Thursday, October 31, 2013

Acid Dump, or why nighttime Delayed Release PPI dose should be given before 530PM

Dr. Phillips (creator of Zegerid and head of the former MARCI Kids) wrote this. Copying from a hard to find post on a BabyCenter forum.


SoluTab and any of the delayed release PPIs do not work at nighttime very well.  Let me clarify, from 9 pm till about 2 am there is very little acid production (this is because of ancient genetic encoding).

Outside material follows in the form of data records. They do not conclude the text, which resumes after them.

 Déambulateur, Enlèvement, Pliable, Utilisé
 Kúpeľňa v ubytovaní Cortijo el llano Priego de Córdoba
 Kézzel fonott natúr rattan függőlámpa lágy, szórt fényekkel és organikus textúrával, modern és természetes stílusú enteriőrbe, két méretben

Ate the evening meal while day light 6pm or so, then go to sleep (then acid kicks in in early am (~2 am to 6 am) to kill any bacteria that were ingested).  This remnant genetic predisposition is still with us.   What do PPIs require to work???  (Answer: Actively secreting acid pumps).  How long is the PPI in your babies system? (for approx 120 minutes after you give it).  If the acid pumps (proton pumps) are not on during that time period then acid will not be blocked.    Immediate release PPIs (such as Zegerid or BuferBabies/PPI) have a buffer in them and that turns on the acid pumps (in addition to protecting the PPI from acid degradation).  So Immediate acting PPIs can be given without regard to meals (or even in the bottle)

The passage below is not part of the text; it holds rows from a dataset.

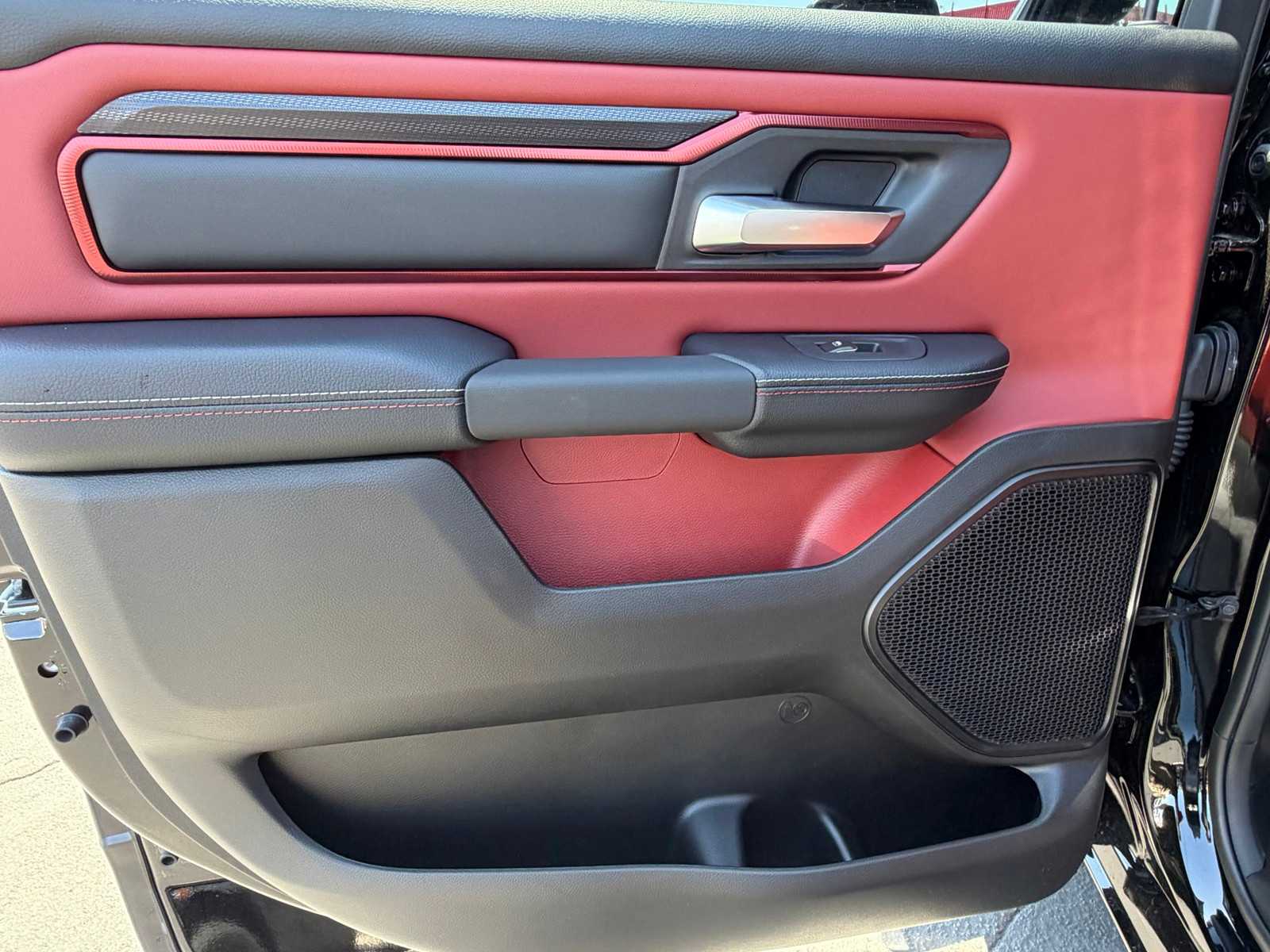 Thumbnail: 2026 RAM 1500 - 26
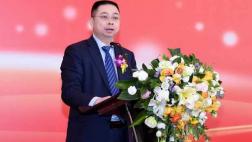 China retiró a su cuarto hombre más rico del negocio de seguros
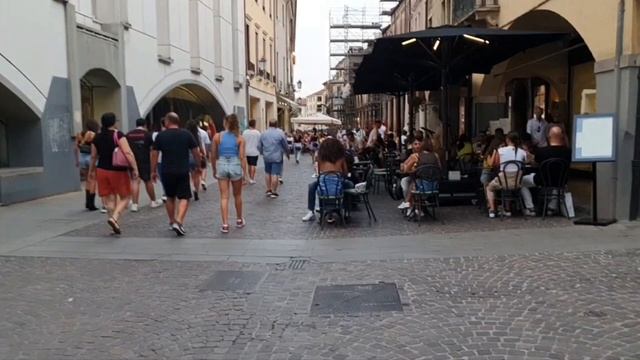 Италия Жасмин Падуя стритстайл летний вечерний ,как одеваются итальянцы смотреть онлайн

 Delayed release PPI such as Prevacid OTC need to have active acid secreting cells ("pumping") in order to block the pumps.  The body shuts down pumps after 7 pm to ~3am.   If you give the delayed release Prevacid, then it will be in the baby's body for 3.5 to 4 hrs after administration, then it will be gone. SO if you give the PPI after 5:30 it will have no effect because no pumps will be on while the Prevacid is in the bloodstream.
It is simple really, PPI drugs (such as SoluTab) can only block pumps that are in place and ready to make acid.

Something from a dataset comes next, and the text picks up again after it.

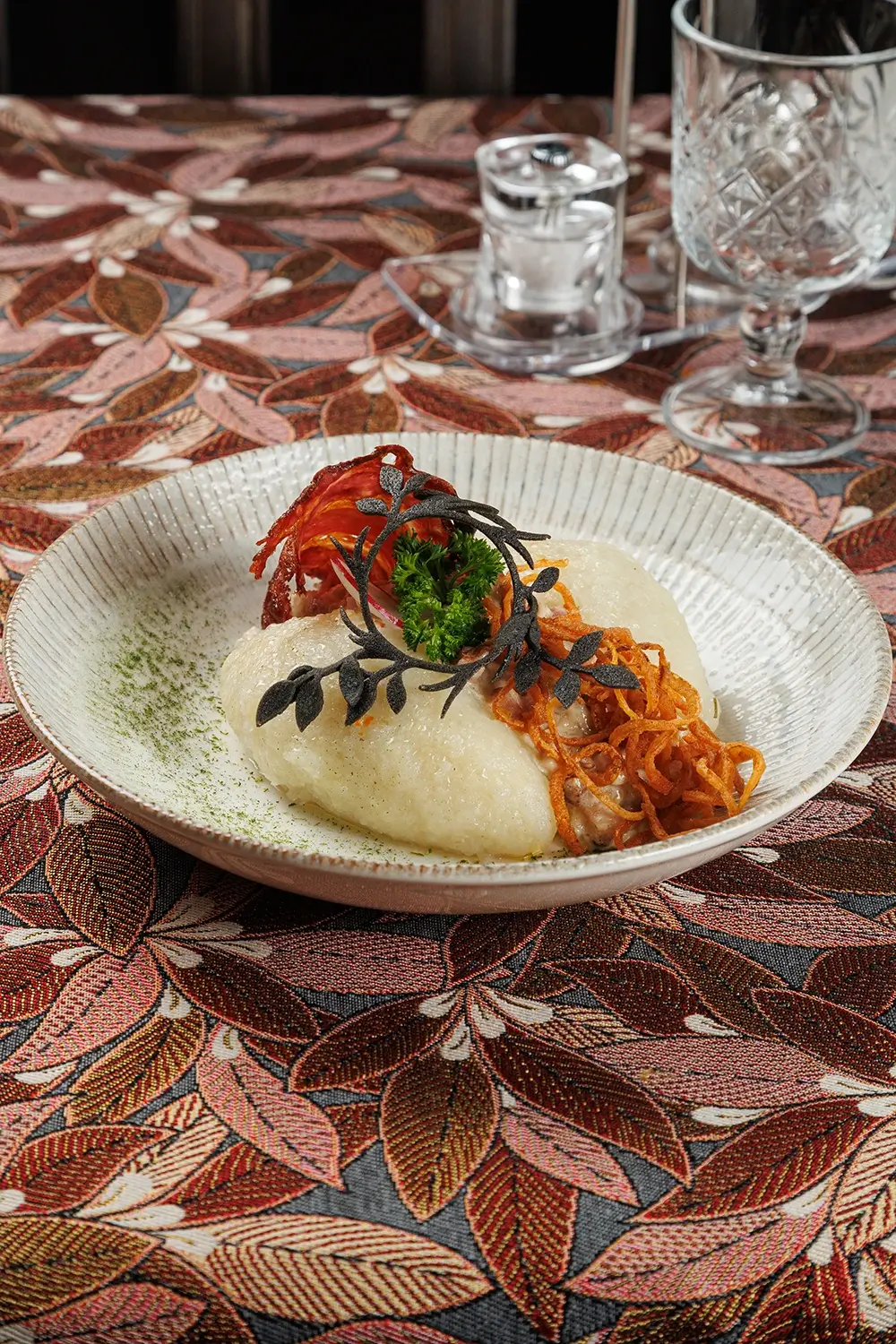 Картофельные клёцки «с душами» (белорусские «Цеппелины») с начинкой из свиного фарша от Ресторана «Кухмистр» Картофельные клёцки «с душами» (белорусские «Цеппелины») с начинкой из свиного фарша от Ресторана «Кухмистр»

Well it is really quite interesting. The acid pumps are finite (meaning there are only so many available in a 24 hr period).  When you use a buffer and immediate release PPI - the buffer hits the stomach and raises the pH. This makes the stomach lining send a signal to the acid secreting cells (parietal cells) to wake the pumps and get some of them making acid just a the PPI part hit the pumps and shuts them down. When you use a buffer, a lot of these pumps get used up.  Therefore, by giving a dose around 8 or 9pm, or thereabouts, the pumps are exhausted and there aren't any to come on in the 2am period - so then there is no acid dump.
the SoluTab contains Prevacid in enteric-coated granules (inside the SoluTab).  The medicine (lansoprazole) is absorbed in 1.5 hrs and the amt of time it is in the system is 120 minutes.  So approx 3.5 hrs after a dose there is no drug in the system to block the acid pumps (called proton pumps).  The nighttime acid begins at 2am and continues till 7 am (roughly).  So, if you give a dose at 5:30pm then it is gone at 9pm (way before the acid pumps start making the nighttime acid).
Immediate release PPIs (such as Zegerid, BufferBabies, CaraCream) has a buffer that stimulates those pumps to come on (that would have come on from 2 am till ~7am) and then blocks them while they are on.